Anna (2019)
★★½ — Anna (2019)
Luc Besson's Anna arrived in 2019 at a particularly difficult moment for the French director, whose reputation had taken a serious hit following allegations of sexual misconduct made in 2018 and the underperformance of his $180 million sci-fi spectacle Valerian and the City of a Thousand Planets (2017). Produced through his own EuropaCorp banner alongside Summit Entertainment, Anna is very much a spiritual companion to Besson's earlier work, most obviously Nikita (1990) and Léon: The Professional (1994), following a young woman recruited as a Soviet-era assassin. The film marks the screen debut of Russian model Sasha Luss in a lead role, supported by Helen Mirren and Luke Evans, with location work spread across France, Russia, and Serbia. It opened quietly and failed to recoup its $34 million budget at the box office, taking in just over $31 million worldwide.

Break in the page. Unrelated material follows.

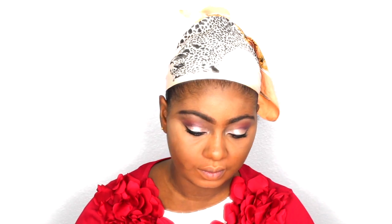Then I am going to bake with my Sasha Buttercup setting powder right on top of where I highlighted with the concealer.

A-Z World Movie Tour Guadeloupe Luc Besson’s Anna is the cinematic equivalent of ordering your favorite dish at a restaurant, only to get a lukewarm microwave version with the same label. If you, like me, hold Léon: The Professional near and dear (where Jean Reno gave the performance of a lifetime and Besson’s direction feels electric) Anna lands like a soggy crumpet. It’s not a disaster, but it’s a letdown from a director who once made assassin ballets feel poetic. Sasha Luss plays the titular Anna, a model-turned-killer with a face that could kill… but mostly just stares blankly while doing it. There’s no spark here, no flicker of the magnetic intensity that made Jean Reno unforgettable. She’s less a character and more a mannequin in a catsuit, delivering lines like they’re IKEA assembly instructions. The supporting cast (including Helen Mirren and Cillian Murphy) try their best, but Besson gives them nothing to work with, like handing a symphony orchestra a kazoo and expecting jazz. The action scenes pop (slow-motion bullets, neon-soaked kills, and a dance sequence that’s visually slick) but they lack soul, feeling less like storytelling and more like a moodboard come to life. And the plot is a recycled game of spy-versus-spy that never commits to its own twists. By the end, you’ll wonder why anyone bothered keeping score. It's not all bad. Besson’s eye for color and composition still shine but when your film’s most memorable moment is a scene lifted from Kill Bill's outtakes, you’ve got problems.